*EXERCISE OBJECTIVE:*
Starting with the line that contains "Gold Bridal Earrings", copy each line exactly through the end of the listing, and omit all pictures.

- - - - -

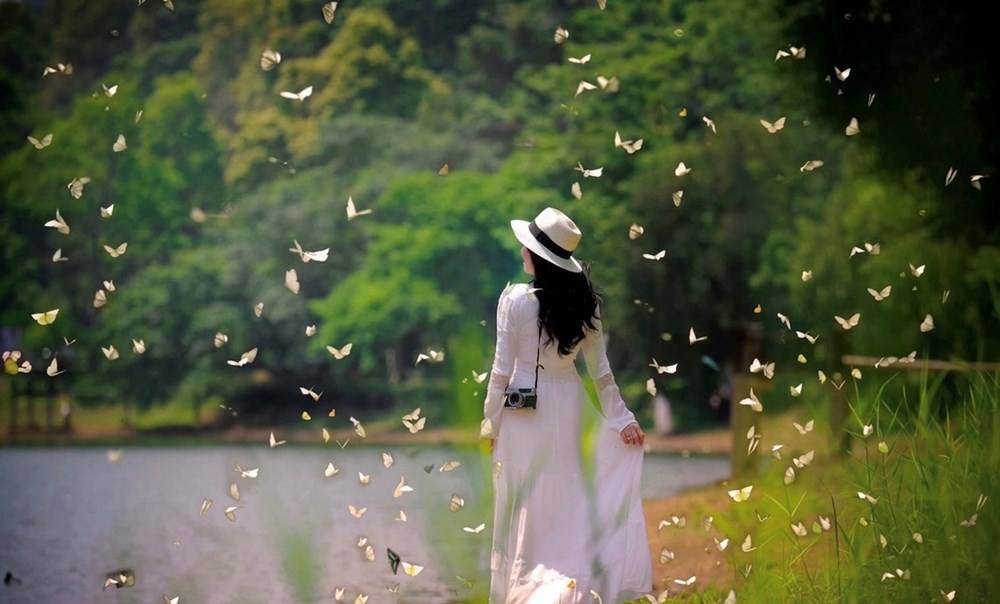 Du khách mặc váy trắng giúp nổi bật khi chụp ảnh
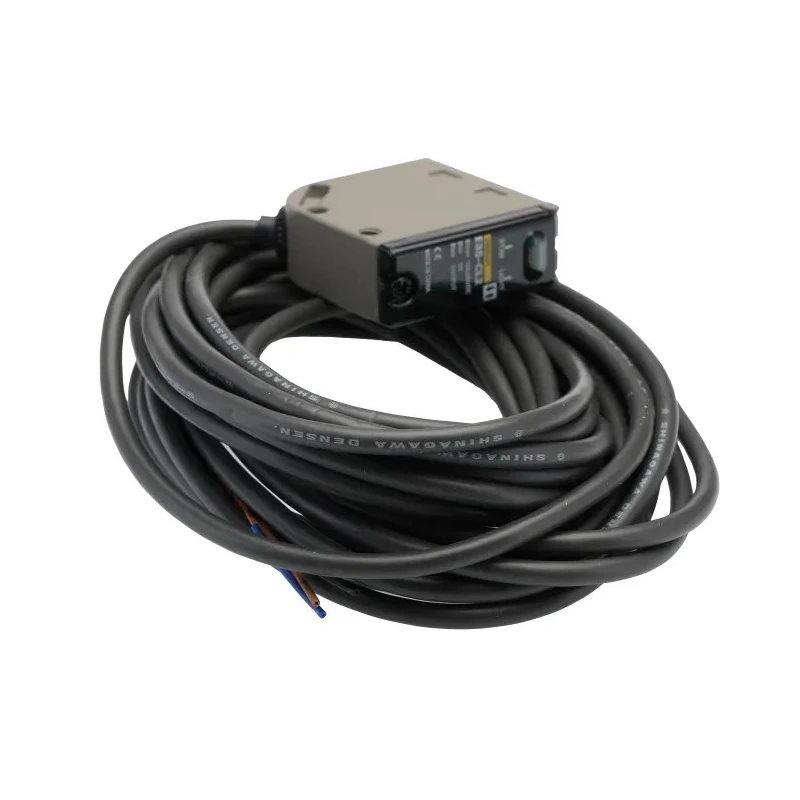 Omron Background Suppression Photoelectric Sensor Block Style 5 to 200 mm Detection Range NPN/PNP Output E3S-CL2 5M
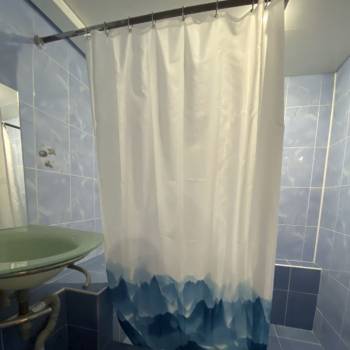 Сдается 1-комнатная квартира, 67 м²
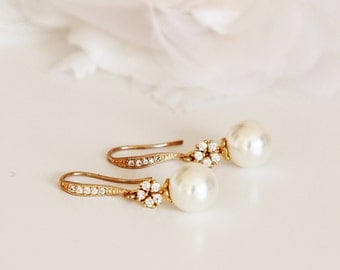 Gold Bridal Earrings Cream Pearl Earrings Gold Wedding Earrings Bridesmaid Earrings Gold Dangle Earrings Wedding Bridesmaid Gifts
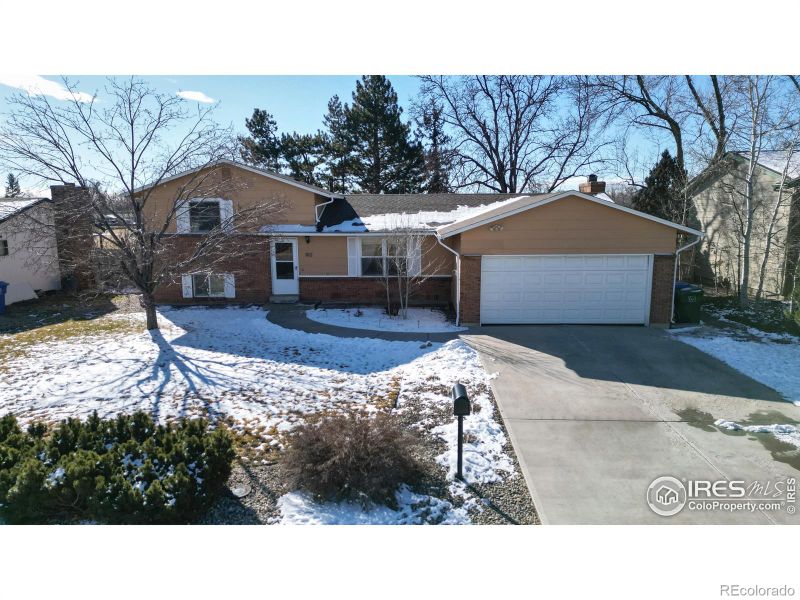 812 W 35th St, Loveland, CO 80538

- - - - -

*OUTPUT OF THE EXERCISE:*
 Gold Bridal Earrings Cream Pearl Earrings Gold Wedding Earrings Bridesmaid Earrings Gold Dangle Earrings Wedding Bridesmaid Gifts
 812 W 35th St, Loveland, CO 80538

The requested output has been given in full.